Is philanthropy, by its very nature, a threat to today’s democracy? In his November 2018 lecture for the Marshall Institute lecture series, Rob Reich shows not only how the generosity of wealthy individuals isn’t the unassailable good we think it to be but might also undermine democratic values and set back aspirations of justice.
Big philanthropy is often an exercise of power, the conversion of private assets into public influence. And it is a form of power that is largely unaccountable, often perpetual, and lavishly tax-advantaged. The affluent—and their foundations—reap vast benefits even as they influence policy without accountability. And small philanthropy, or ordinary charitable giving, can be problematic as well. Charity, it turns out, does surprisingly little to provide for those in need and sometimes worsens inequality.

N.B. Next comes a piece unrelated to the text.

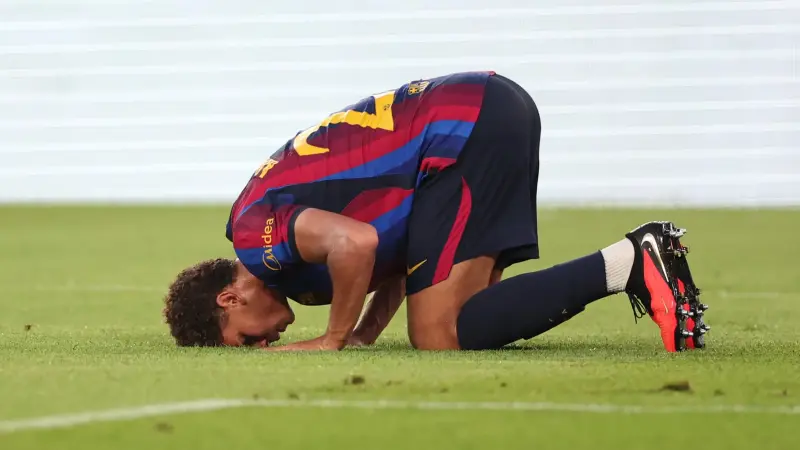فيديو - رفض الاحتفال.. هدف حمزة عبد الكريم مع برشلونة في شباك الأهلي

This event marks the launch of Rob’s new book, Just Giving: Why Philanthropy Is Failing Democracy and How It Can Do Better.
Rob Reich (@robreich) is professor of political science and faculty codirector for the Stanford Center on Philanthropy and Civil Society at Stanford University. His recent books include Education, Justice, and Democracy.
The chair of this talk, Stephan Chambers, is the inaugural director of the Marshall Institute at LSE. He is also Professor in Practice at the Department of Management at LSE and Course Director for the new Executive Masters in Social Business and Entrepreneurship.